One of our oldest colonys from 2016 superseded in there first year of being moved up here swarmed year before last and superseded this last August.
Over this time the Queen has changed colour from red to browny black.
This colony has been in the vacinity of purer amms since 2017.
Last year was really there best honey production year so far.
Paul I never really want to be part of a breeding program but I would like to get to the point where I can rear 30 - 50 queen's every season, as you were saying our stocks up here are none improved and a little gleam in my eye.

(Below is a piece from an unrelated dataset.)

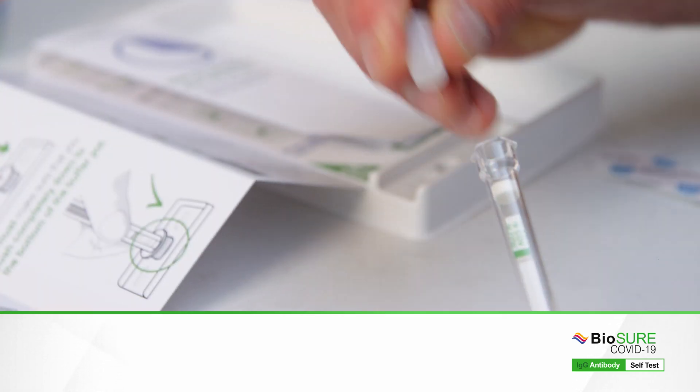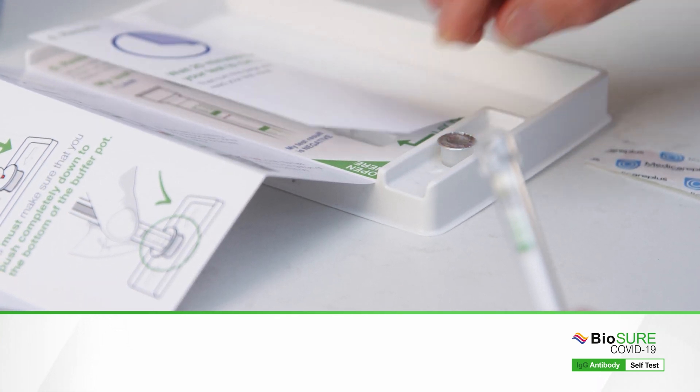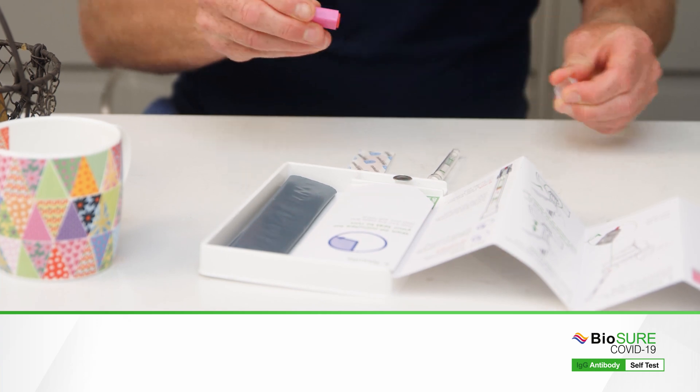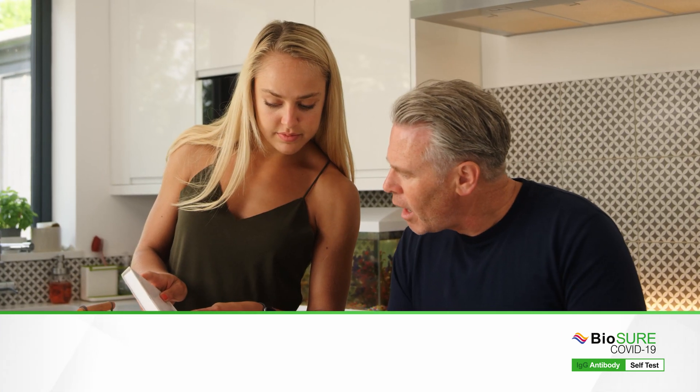Remove the buffer pot from the top of your testing device and place it in the hole in the tray. Now take the lancet and carefully remove the plastic cap. Remember, this will only work once.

Ref to the book I'm reading it's a cracker really enjoying reading it and it makes you want to ask questions and perhaps challenge some of the claims, truths of what some beekeepers are telling you via a book
Cheers
 
Where could I get a copy?

It's actually a BIBBA publication. Quite a small publication (only 72 pages). It is a report of their visit to Celle to attend a number of lectures and demonstrations in 1981. A bit old now but it covers drone congregation, queen rearing, controlled breeding on the islands, etc
It's quite clear that the purpose of the book is to convey what they learned in Germany to a wider audience in BIBBA.
 
Ref to the book I'm reading it's a cracker really enjoying reading it and it makes you want to ask questions and perhaps challenge some of the claims, truths of what some beekeepers are telling you via a book
Cheers

Seem to remember Jon Getty challenging a lot of Beo Cooper's claims!
 
What a sad trend this is...how many people even read proper books now? Everything is being scanned and put behind paywalls. I'd much rather hold a proper book in my hands. I suppose I'm showing my age there.
Most people read 'proper' books still. But paper copies and e-books each have their place. It's not an age thing.

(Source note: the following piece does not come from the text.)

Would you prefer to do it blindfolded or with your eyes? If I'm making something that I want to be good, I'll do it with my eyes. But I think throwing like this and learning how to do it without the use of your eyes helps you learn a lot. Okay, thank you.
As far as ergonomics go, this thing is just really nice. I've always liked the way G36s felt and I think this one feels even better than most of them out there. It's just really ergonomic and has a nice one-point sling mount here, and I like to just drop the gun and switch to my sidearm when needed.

Sitting in an armchair for a read, I'd be most likely to choose a physical book. But reading in bed late, I can read e-books without disturbing the other half.

Re paywalls, don't you have to pay for 'real' books? And lots of books are available in e-form for free. E.g you can buy Wally Shaw's paperback books for £8.95 on Am*zon, or he's made them available for free download on the WBKA website.
 
Somehow I have ended up with three hardback copies of the Bees Of The British Isles.
Also have BIBBA booklets: pedigree bee breeding in western europe, guidelines for bee breeding, queen raising the jenkins way, better beginnings for beekeepers, make your own glass quilt, beekeeping in britain the way ahead, hive record cards, bee breeding and queen rearing as well as pages from the BIBBA magazine that make up Queen rearing as a group activity and raising, mating and use of queens by friedrich-karl tiesler and eva englert translated by bernhard mobus.
 
Most people read 'proper' books still. But paper copies and e-books each have their place. It's not an age thing.

Sitting in an armchair for a read, I'd be most likely to choose a physical book. But reading in bed late, I can read e-books without disturbing the other half.

Re paywalls, don't you have to pay for 'real' books? And lots of books are available in e-form for free. E.g you can buy Wally Shaw's paperback books for £8.95 on Am*zon, or he's made them available for free download on the WBKA website.

I suppose your right. My wife and sons use electronic forms (kindle/etc) but I prefer to read a physical copy. I have a mountain of bee books but, since my interest is breeding, I've "acquired" a few genetics books too. You're quite right about the cost. I just feel I actually own it when I have a physical, rather than a licence to a soft copy that can be rescinded at any time.